◆ **EXERCISE**
From the line with "Rochie scurta Zara, mix culori" to the line with "Camiseta Job For", retype each line exactly as it stands in the records below, but skip the pictures.

◆ **MATERIAL SUPPLIED**

☆ ☆ ☆ ☆ ☆

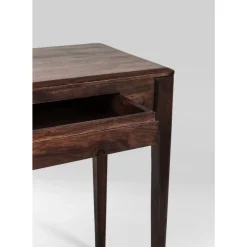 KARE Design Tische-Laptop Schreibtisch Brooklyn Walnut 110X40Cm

☆ ☆ ☆ ☆ ☆

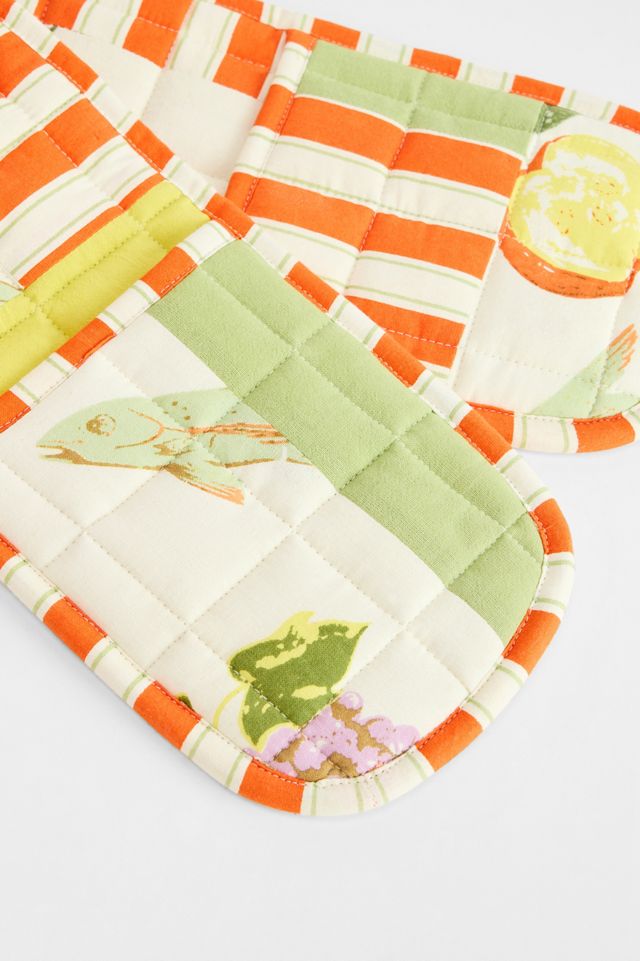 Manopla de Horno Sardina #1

☆ ☆ ☆ ☆ ☆

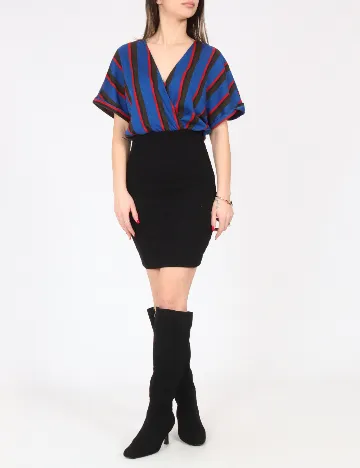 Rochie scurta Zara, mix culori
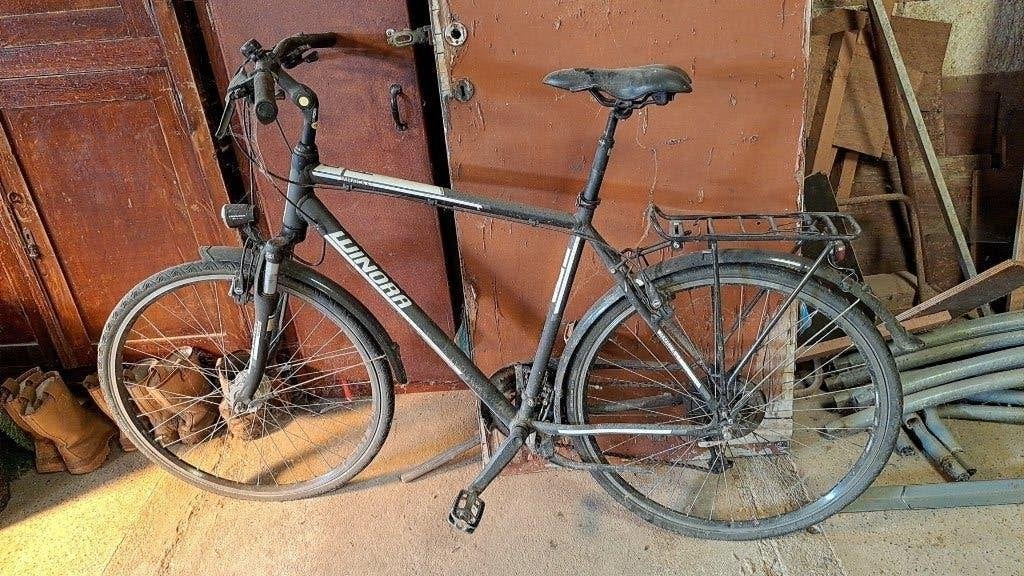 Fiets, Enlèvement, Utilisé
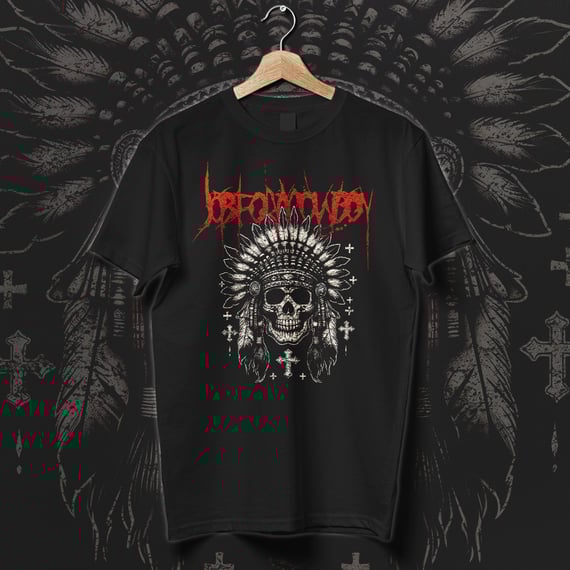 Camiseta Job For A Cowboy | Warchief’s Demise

☆ ☆ ☆ ☆ ☆

◆ **OUTPUT FOR THIS EXERCISE**
 Rochie scurta Zara, mix culori
 Fiets, Enlèvement, Utilisé
 Camiseta Job For A Cowboy | Warchief’s Demise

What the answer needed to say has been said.